In retrospect, I think I was a little overly optimistic. Let me tell you something: enameling is not easy. There's some serious chemistry and physics going on in this process and, in spite of having several books to consult, I have not yet become one with the process. At first I couldn't get the powder to come out of the sifter at all. The books always show people doing it with this elegant one-handed tapping motion. All I managed to do was give myself a hand cramp. So I put the piece down to coat it and used two hands (something you're not supposed to do since then you have to somehow pick it up without disturbing the enamel powder). Naturally, when I tried to pick it up, I disturbed the enamel powder and had to re-coat the piece. Figuring out how hot and how long to fire the pieces should have been easy: every book has loads of charts. It wasn't. The first pieces I tried out had a variety of problems: uneven coating, pulling away from the edge, weird texture from being over-fired (or possibly under-fired).

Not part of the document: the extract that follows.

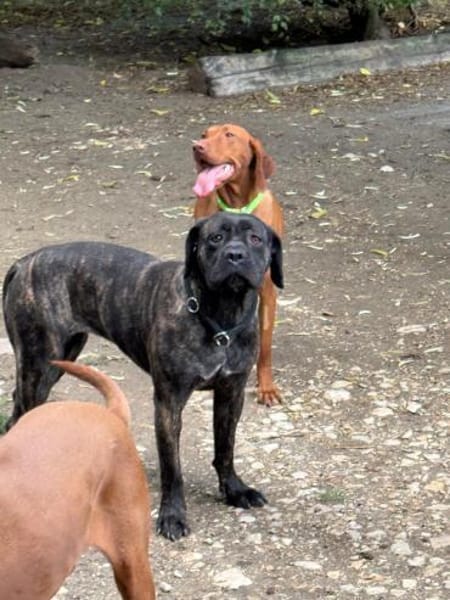 Ich heiße Stella ...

And sometimes the enamel just popped right off the metal as it cooled. (Note on the red piece my failed attempt to recreate that childhood memory.) I realized that I wasn't going to be making an fancy enamel jewelry anytime soon, so I put the supplies away and decided to focus on the work with pmc.

A couple of months later I was working with the pinch form in pmc: what you get when you pinch a ball of clay between the thumb and forefinger of both hands at the same time. (The necklace to the right has three pinches that I drilled and strung directly onto a wire cable. One is heavily oxidized, the other two are highly polished.) I fused several small ones together and liked the shape, but there was a hole in the middle that needed something. Then I remembered the container full of glass lumps packed away with all the other enameling supplies. I got them out, fired up the kiln, and stuck a chunk of blue glass into the middle of the cluster of pinches. I heated it just until the glass balled up, not long enough for it to spread out flat. It worked! The light shines through the back of the form so the blue glass looks positively illuminated. I've worn it a few times and fiddled with it a lot and the glass still hasn't fallen off. (The color of the silver in the picture is wrong - it's not actually brown. The color of the blue is right though.)

Not wanting to stretch my luck, I let another couple of months go by before trying enamel again. That was this morning. This time I had a couple of pieces that I'd created from scraps particularly to use with enamel. One is a little cup that I filled with large chunks of transparent red glass. The other is the oval pendant with blue and green swirls. As you can see, I'm still not making beautiful enamel jewelry, but I'm getting the hang of how hot and how long to fire the pieces. I'm definitely having better luck with enamel on fine silver than enamel on copper though. Just to see if I could do it, I tried enameling a blank oval copper pendant. I put a layer of clear enamel over the copper and added just a couple of chunks of green glass in different shades. It was quite pretty - except for the part where the enamel popped off the metal as it cooled. It doesn't matter. The Quick Fire kiln is amortizing rapidly and my childhood dream of enameling on copper is just around the corner. Really.

Tuesday, May 15, 2007

Ragged Heart pendant

Sold 4/25/07.

I'm not a big fan of heart jewelry. I'm a sentimental fool, a complete romantic, a total sucker for baby animals - but I don't like heart jewelry. So, I was bashing a silver nugget with my trusty hammer the other day and imagine my surprise when I looked at it and saw...a ragged heart. And I realized that what I dislike about so much heart jewelry is that the hearts are all perfect and shiny, with lots of swoops and curls. Whose heart looks like that? Not mine. My heart is sturdy, tough, with lots of scars and wrinkles. It's been around the block and got dragged into some back alleys, but it always emerges stronger. And I imagine it looks kind of like this pendant. Maybe you can relate.

The one-half inch pendant is made of lightly oxidized fine silver (99.9%) and, with its companion rhodonite briolette, hangs from an 18" sterling silver snake chain with toggle clasp, both heavily oxidized for contrast.